Campino und seine Toten Hosen mögen hierbei die Spekulanten und Politiker in München wohl weniger beunruhigt haben, als jene "schrägen Vögel" mit ihren Lederhosen.
Denn während zu Campinos Schlachtruf "die Jahre ziehen ins Land und wir trinken noch immer ohne Verstand" lediglich eine kleine Pogo-tanzende Gruppe Punks ihre Zustimmung johlte, nickte zu Biermösls "Griaß di Gott AKW, griaß di Gott CoKG, griaß di Gott ois beinand, tschüss Bayernland" wohl die ganze Oberpfalz: Von klein bis groß, von Punk bis hin zum "braven" Bürger - der auf einmal gar nicht mehr so brav und CSU-gläubig war.

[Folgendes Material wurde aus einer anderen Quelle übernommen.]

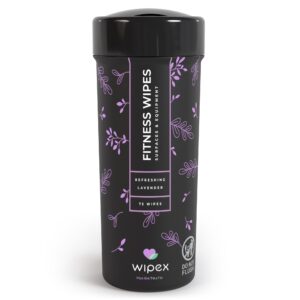 wipex gym wipes & fitness equipment wipes, natural lavender & vinegar wipes to clean the grime off yoga mats, weight machines & surfaces, spinning & peloton bikes, 75 count (pack of 1)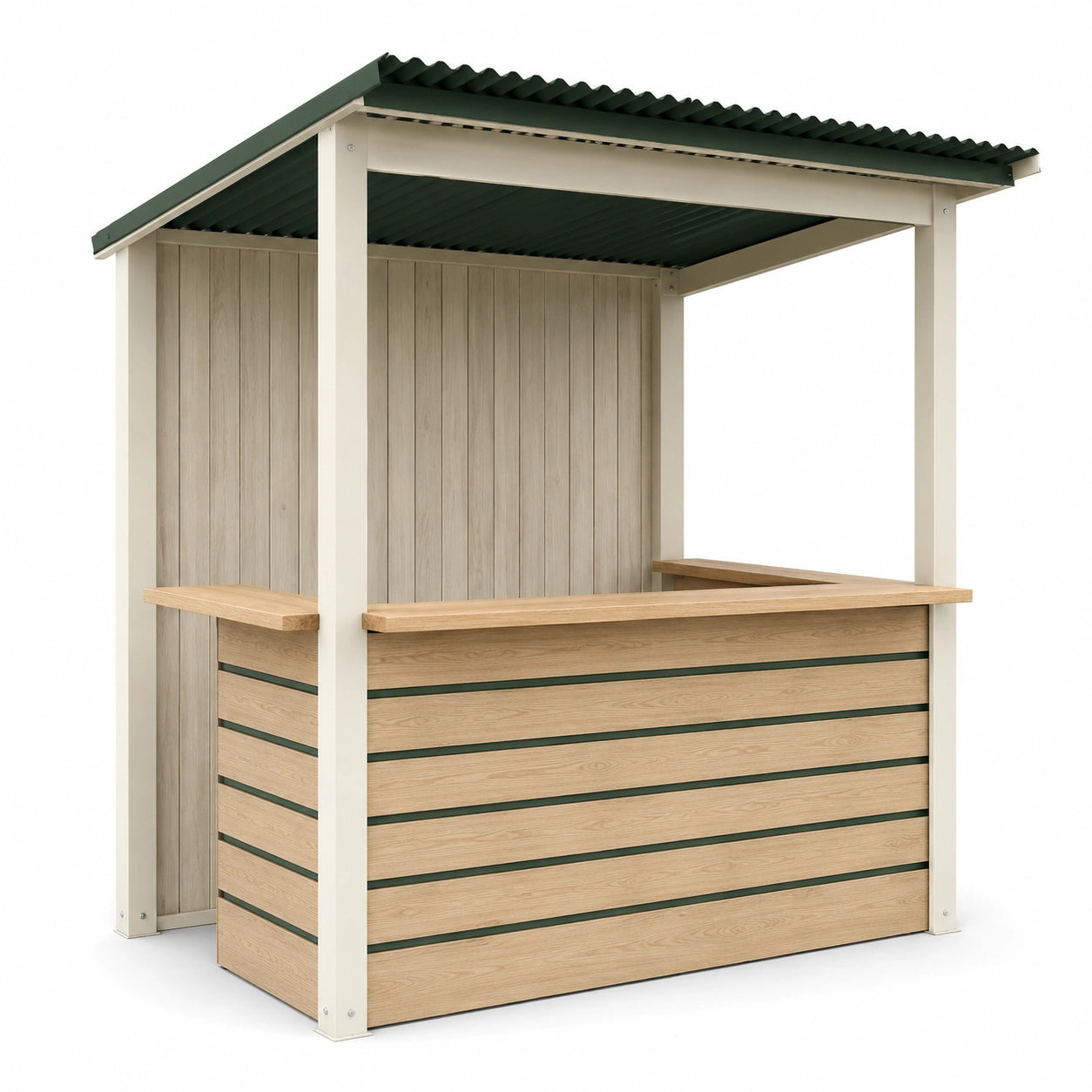 Puesto de Bar Exterior de Madera Compuesta y Metal Verde 200x120x220 cm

Und da half es auch nicht, dass Parteivorsitzender und Ministerpräsident Franz Josef Strauß die Beteiligten des Festivals als "kriminell und gewalttätig" beschimpfte und alles daransetzte, es zu verhindern. Die Veranstalter ihrerseits knickten nicht ein, nahmen alle Einschränkungen, Beleidigungen und das ewige Bangen um eine Genehmigung hin und kamen im Nachhinein zu dem Schluss: Sie müssten der CSU eigentlich dafür danken, dass sie mit dem ganzen Medienrummel das Festival so großgemacht hätte. Die gewalttätigen Kriminellen blieben aus - ihnen war das Ganze anscheinend zu kommerziell geworden - und die ortsansässigen "braven Bürger" empfingen die friedliche Menge mit offenen Armen. Die 6.000 Polizisten jedoch, die auch angereist waren und ihre soeben erst freigegeben neuen Gummigeschosse mitgebracht hatten, wurden von den Oberpfälzern in Streitgespräche verwickelt.
Der Rest der Geschichte ist bekannt: Einige Jahre später gab der Bauträger die WAA endgültig auf, die deutsche Anti-Atomkraft-Bewegung hatte mit dem Festival ihren Höhepunkt erreicht und die Lederhose von Christoph Well landete im Haus der Bayerischen Geschichte in Regensburg. Was da Franz Josef Strauß wohl dazu sagen würde?